In 1961 César joined the loose artist association Nouveau Réalisme, which had been founded in Paris the year before. The art critic Pierre Restany regarded the "New Realists" as a programmatic group under his intellectual direction. The 39-year-old César had already made a name for himself at international exhibitions with his sculptures made of welded scrap iron: in 1956 at the Biennale di Venezia, in 1957 at the Biennale of São Paulo and the Biennale in Carrara as well as the Hanover Gallery in London, in 1958 at the Carnegie Institute in Pittsburgh and at the World Exhibition in Brussels, in 1959 at the documenta II in Kassel (he was also at the documenta III in 1964 and at the 4th documenta in Paris in 1959). documenta III in 1964 and at the 4th documenta in 1968) and at the Galerie Claude Bernard in Paris, where the vernissage visitors clogged up the Rue des Beaux Arts. His reputation as a chic clown grew in proportion to his artistic reputation in geometric progression. His southern temperament sprays out of all his pores, wrote Pierre Restany about his role in the Parisian cultural ghetto of the late 1950s.

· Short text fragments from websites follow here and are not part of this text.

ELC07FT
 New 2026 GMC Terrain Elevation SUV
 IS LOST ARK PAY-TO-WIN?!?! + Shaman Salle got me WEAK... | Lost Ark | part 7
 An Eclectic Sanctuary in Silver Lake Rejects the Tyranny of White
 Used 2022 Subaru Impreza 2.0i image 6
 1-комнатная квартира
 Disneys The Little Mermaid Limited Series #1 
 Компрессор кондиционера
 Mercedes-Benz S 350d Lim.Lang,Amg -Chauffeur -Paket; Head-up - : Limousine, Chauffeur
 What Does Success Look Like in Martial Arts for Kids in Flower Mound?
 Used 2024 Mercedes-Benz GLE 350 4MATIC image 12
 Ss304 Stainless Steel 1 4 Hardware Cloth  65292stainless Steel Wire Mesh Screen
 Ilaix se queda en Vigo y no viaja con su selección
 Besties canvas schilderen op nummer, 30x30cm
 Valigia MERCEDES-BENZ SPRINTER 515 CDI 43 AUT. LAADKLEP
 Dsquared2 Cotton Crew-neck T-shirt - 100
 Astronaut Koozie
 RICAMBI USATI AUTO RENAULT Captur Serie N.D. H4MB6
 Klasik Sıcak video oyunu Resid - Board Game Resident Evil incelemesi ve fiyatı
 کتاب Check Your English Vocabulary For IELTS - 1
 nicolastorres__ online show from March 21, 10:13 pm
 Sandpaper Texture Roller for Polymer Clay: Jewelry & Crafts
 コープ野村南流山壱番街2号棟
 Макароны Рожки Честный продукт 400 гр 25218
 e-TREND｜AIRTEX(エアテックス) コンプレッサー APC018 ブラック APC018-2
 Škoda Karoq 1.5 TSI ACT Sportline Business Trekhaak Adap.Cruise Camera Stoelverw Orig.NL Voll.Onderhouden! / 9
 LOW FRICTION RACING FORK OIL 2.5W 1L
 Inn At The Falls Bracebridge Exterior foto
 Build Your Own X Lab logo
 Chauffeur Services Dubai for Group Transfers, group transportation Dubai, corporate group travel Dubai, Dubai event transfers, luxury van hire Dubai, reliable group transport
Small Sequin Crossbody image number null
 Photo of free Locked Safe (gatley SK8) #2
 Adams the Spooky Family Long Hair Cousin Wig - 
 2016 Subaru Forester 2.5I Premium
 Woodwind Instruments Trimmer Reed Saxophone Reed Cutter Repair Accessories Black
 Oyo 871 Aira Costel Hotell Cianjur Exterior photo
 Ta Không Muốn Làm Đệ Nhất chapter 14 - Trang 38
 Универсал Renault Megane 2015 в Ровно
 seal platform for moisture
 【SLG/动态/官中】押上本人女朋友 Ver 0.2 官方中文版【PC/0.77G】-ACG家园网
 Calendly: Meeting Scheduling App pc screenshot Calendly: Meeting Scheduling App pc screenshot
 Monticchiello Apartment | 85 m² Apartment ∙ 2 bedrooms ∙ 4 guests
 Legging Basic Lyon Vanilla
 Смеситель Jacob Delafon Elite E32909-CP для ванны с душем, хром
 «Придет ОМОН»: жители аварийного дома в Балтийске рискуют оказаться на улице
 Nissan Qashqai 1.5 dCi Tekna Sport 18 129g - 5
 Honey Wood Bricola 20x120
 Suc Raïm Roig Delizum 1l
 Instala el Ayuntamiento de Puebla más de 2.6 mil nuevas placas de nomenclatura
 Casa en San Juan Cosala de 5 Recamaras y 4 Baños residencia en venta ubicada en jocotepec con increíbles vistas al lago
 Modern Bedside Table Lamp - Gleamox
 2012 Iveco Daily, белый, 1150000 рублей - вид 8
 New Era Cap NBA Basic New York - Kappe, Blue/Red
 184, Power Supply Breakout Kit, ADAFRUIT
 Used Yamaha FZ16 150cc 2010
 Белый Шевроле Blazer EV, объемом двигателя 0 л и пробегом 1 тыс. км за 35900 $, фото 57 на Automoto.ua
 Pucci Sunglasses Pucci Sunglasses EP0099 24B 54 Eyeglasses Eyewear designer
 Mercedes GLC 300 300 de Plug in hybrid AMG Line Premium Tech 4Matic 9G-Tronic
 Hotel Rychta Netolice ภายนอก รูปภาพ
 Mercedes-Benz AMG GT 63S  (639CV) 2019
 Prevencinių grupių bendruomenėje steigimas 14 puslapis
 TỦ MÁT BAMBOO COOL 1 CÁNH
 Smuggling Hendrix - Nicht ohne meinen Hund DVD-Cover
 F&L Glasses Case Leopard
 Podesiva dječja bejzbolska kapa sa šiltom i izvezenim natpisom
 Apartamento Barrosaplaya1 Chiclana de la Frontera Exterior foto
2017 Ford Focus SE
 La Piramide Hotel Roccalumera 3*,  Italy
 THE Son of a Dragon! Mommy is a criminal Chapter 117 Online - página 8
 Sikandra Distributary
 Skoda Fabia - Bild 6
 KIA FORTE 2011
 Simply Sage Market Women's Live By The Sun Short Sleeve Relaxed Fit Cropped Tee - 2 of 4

By pure coincidence, he joined the younger Nouveaux Réalistes with his compressions and signed their manifesto afterwards, as there was a common idea about the direct appropriation of reality. While critics doubted the art status of the industrially pressed car wrecks, it was only through Restany that he realized that the compressions fulfilled all the conditions of the "object" and that a progressive line from Duchamp's 1913 bicycle wheel to the hydraulically crushed cars of 1960 led from the ready-made to the objet-plus as the 'most modern gesture of the sculpture of the century' (Restany).